### YOUR OBJECTIVE
Only the lines from the one that includes "Peluche doudou vache" through the last line below belong in the reply, copied exactly and without pictures.

### RAW DATA
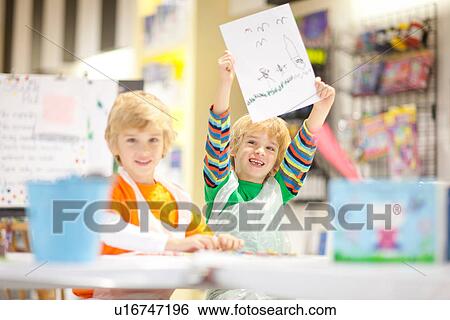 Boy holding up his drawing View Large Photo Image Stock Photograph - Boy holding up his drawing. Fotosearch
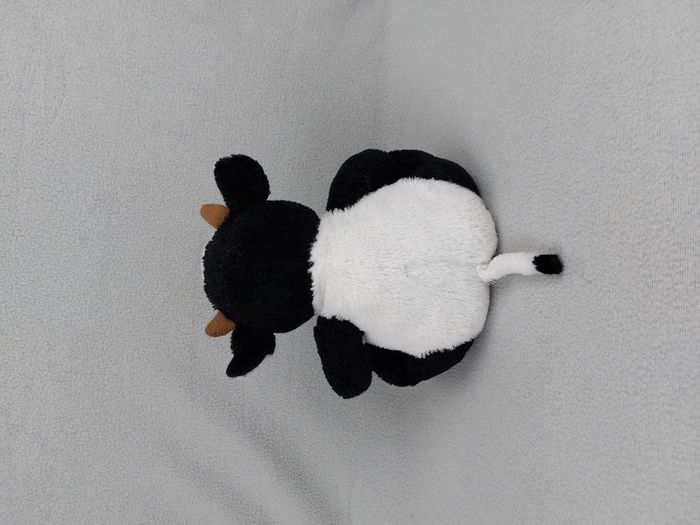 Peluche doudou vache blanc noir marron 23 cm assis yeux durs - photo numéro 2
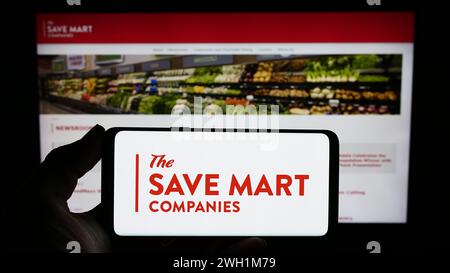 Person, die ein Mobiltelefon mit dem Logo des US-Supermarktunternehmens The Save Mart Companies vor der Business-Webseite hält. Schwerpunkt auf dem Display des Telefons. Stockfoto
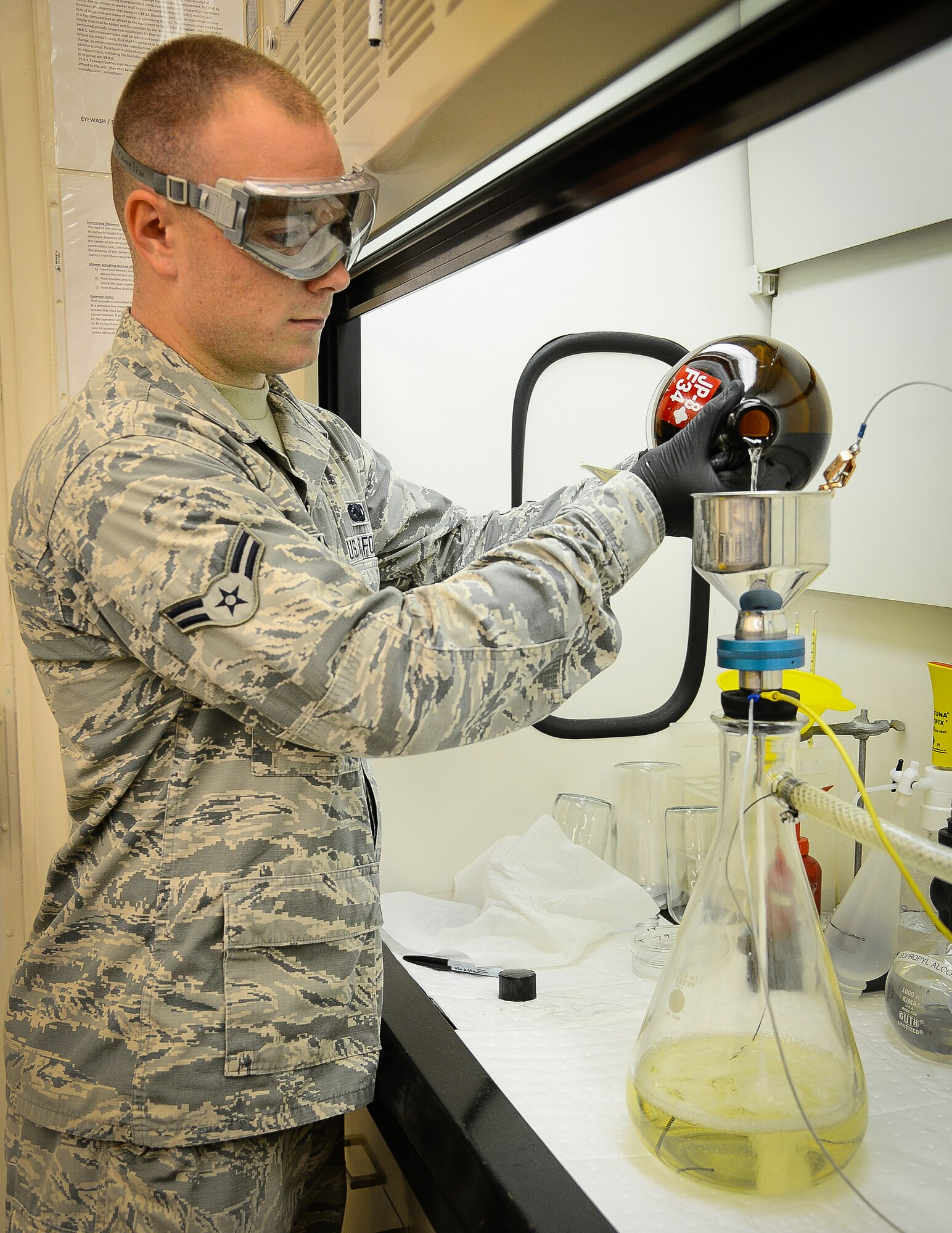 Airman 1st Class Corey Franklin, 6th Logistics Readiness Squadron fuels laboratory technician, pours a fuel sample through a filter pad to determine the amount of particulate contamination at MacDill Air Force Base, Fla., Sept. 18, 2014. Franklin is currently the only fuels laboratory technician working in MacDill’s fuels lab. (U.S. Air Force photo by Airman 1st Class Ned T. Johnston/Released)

### SOLVED EXERCISE
 Peluche doudou vache blanc noir marron 23 cm assis yeux durs - photo numéro 2
 Person, die ein Mobiltelefon mit dem Logo des US-Supermarktunternehmens The Save Mart Companies vor der Business-Webseite hält. Schwerpunkt auf dem Display des Telefons. Stockfoto
 Airman 1st Class Corey Franklin, 6th Logistics Readiness Squadron fuels laboratory technician, pours a fuel sample through a filter pad to determine the amount of particulate contamination at MacDill Air Force Base, Fla., Sept. 18, 2014. Franklin is currently the only fuels laboratory technician working in MacDill’s fuels lab. (U.S. Air Force photo by Airman 1st Class Ned T. Johnston/Released)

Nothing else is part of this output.